More information on the Volumetric Performance Toolbox here:
https://valenciajames.com/volumetric-performance/ https://www.glowbox.io/work/volumetric-performance/
This is a fork of the AKFVX project, heavily modified to stream either a RGB+D texture to ffmpeg -or- a pointcloud seen to Spout.
This GitHub repository contains middleware for generating perspective-correct combined depth and color maps from the Azure Kinect that can be easily streamed with RTMP. Used in conjunction with our fork of DepthKit.js, artists and developers can stream volumetric video to render on the web with three.js.
Glowbox made this tool from a fork of Keijiro’s AKVFX (Azure Kinect plugin for Unity VFX Graph) which exposes color and world position maps from the Azure Kinect to Unity’s VFX graph. We use Unity's VFX graph in their HD Render Pipeline to post process data for streaming using Spout and FFmpeg. These allow us to encode Spout Textures and RTMP streams for things like Zoom calls, volumetric performances, and integration in other tools like OBS.
This fork includes custom vfx graphs that generate "fuller" pointclouds.
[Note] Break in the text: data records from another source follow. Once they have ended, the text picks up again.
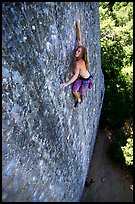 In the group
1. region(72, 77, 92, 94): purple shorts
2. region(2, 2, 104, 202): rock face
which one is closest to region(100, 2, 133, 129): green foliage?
region(2, 2, 104, 202): rock face

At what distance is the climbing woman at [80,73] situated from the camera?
6.05 m

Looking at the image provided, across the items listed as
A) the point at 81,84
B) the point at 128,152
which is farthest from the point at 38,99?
the point at 128,152

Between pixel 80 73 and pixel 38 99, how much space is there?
4.77ft

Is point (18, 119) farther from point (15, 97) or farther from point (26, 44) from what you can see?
point (26, 44)

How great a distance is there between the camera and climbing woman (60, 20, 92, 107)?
605cm

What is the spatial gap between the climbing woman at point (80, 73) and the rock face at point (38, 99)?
0.55 ft

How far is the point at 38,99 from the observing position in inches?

This Unity application connects an Azure Kinect RGB and Depth stream and visualizes this as a pointcloud. It outputs the visual of the point cloud to a virtual webcam (SpoutCam). It can also instructs ffmpeg to stream the virtaul webcam output to an RTMP end point like Twitch.
To Run:
To build:
- Download and install the Azure Kinect SDK
- Test your Azure Kinect device by running the Azure Kinect Viewer
- Download [SpoutCam] (https://github.com/leadedge/SpoutCam/releases)
- Register SpoutCam
- Download ffmpeg
- Unzip ffmpeg and copy it into a dedicated folder. For example: Documents\ffmpeg
-
Open a Powershell or Command line and execute the following:
ffmpeg -list_devices true -f dshow -i dummy -
Make sure "Azure Kinect 4K Camera" and "SpoutCam" is in the list of results.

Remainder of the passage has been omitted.